Una tarde de domingo frente a la iglesia de Comala miré en todas
direcciones buscando La Media Luna, el quiosco, un reloj solar de los
equinoccios y solsticios, una banca con una estatua de Juan Rulfo de bronce,
quien me encontraba con Juan Preciado y me contara de primera mano su
impresión de llegar a Comala, el averiguó el precio de cumplir algunas
voluntades de difunto, se corre el riesgo de conocer el otro lado de la
luna, hurgar en el baúl de los recuerdos, escarbar y enterarte que sólo era
un saco con su propia historia, ya lo bajaste de pedestal y se convirtió en
humano ni tan malo ni tan santa, corres el riesgo que te pase como en el
Secreto de Romelia, pero al fin parte de tu propia vida e historia, este
calor sofocante que únicamente lo mitiga una cerveza muy muy fría, creyendo escuchar entre
sus calles empedradas cascos del caballo de Miguel Páramo.
Pedro Páramo
De Juan Rulfo
Vine a Comala porque me dijeron que acá vivía mi padre, un tal Pedro Páramo.

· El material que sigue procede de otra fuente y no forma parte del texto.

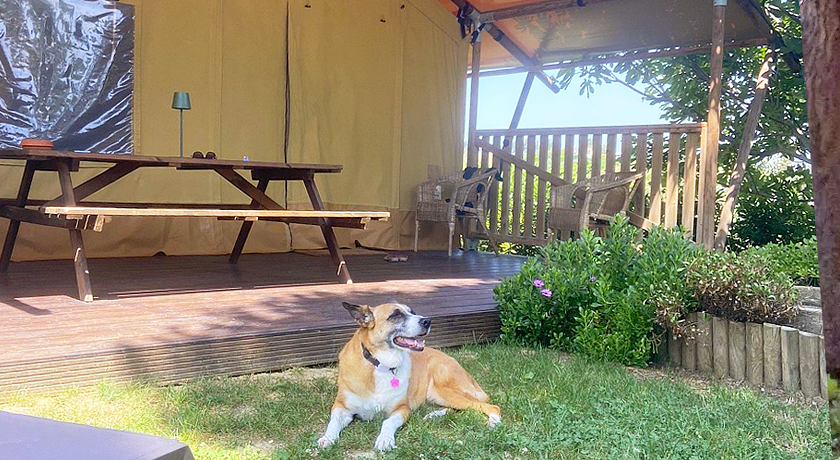 Tenuta San Pierino - Glamping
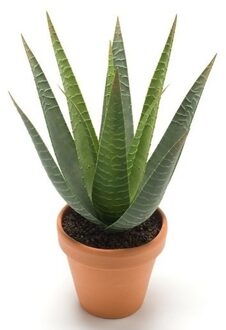 Kunstplant Aloe Vera - groen - in terracotta pot - 23 cm - Kunstplanten Bruin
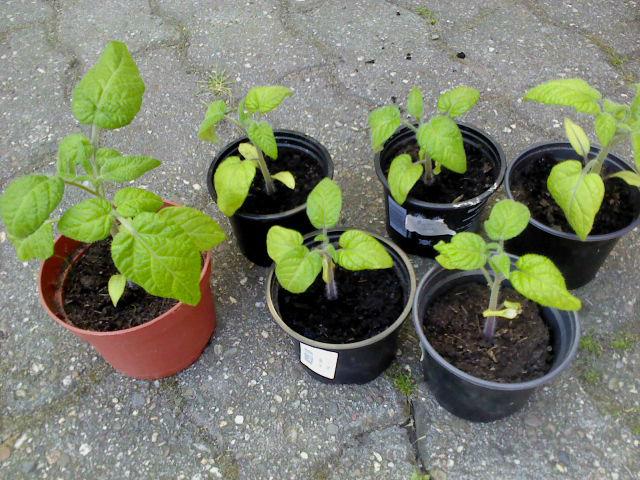 DSC0262524891431273108.JPG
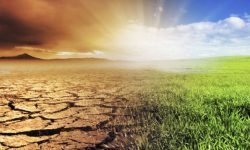 साउदी अरेबियाले सन् २०६० सम्ममा शून्य कार्बन उत्सर्जन गर्ने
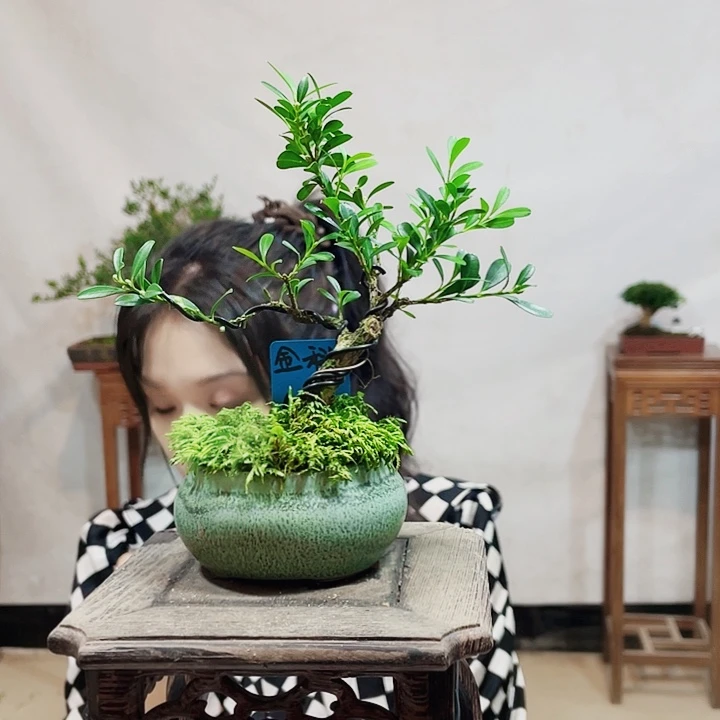 无花朵金**律皱皮雀舌黄杨盆景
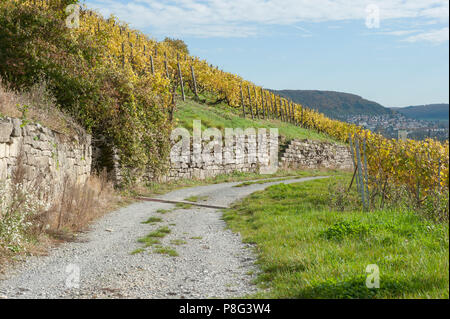 Weinberg, Kochertal, Ingelfingen, Hohenlohe, Baden-Württemberg, Heilbronn-franken, Deutschland Stockfoto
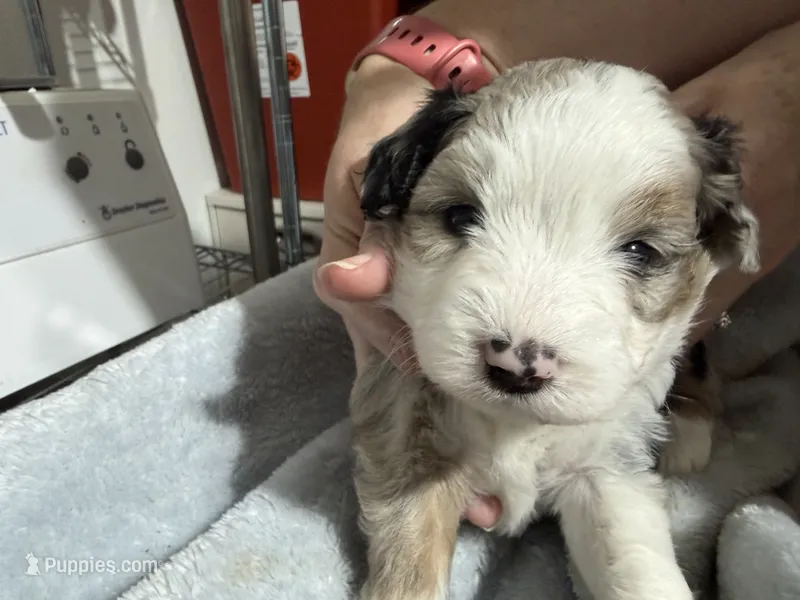 Lavender – Aussiedoodle puppy for sale in Lake City, FL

Mi madre me lo dijo. Y yo le prometí que vendría a verlo en cuanto ella
muriera. Le apreté sus manos en señal de que lo haría; pues ella estaba por
morirse y yo en plan de prometerlo todo. «No dejes de ir a visitarlo —me
recomendó—. Se llama de otro modo y de este otro. Estoy segura de que le dará
gusto conocerte». Entonces no pude hacer otra cosa sino decirle que así lo
haría, y de tanto decírselo se lo seguí diciendo aún después que a mis manos
les costó trabajo zafarse de sus manos muertas. Todavía antes me había dicho:
—No vayas a pedirle nada. Exígele lo nuestro. Lo que estuvo obligado a darme y
nunca me dio… El olvido en que nos tuvo, mi hijo, cóbraselo caro. —Así lo
haré, madre. Pero no pensé cumplir mi promesa. Hasta que ahora pronto comencé
a llenarme de sueños, a darle vuelo a las ilusiones. Y de este modo se me fue
formando un mundo alrededor de la esperanza que era aquel señor llamado Pedro
Páramo, el marido de mi madre. Por eso vine a Comala.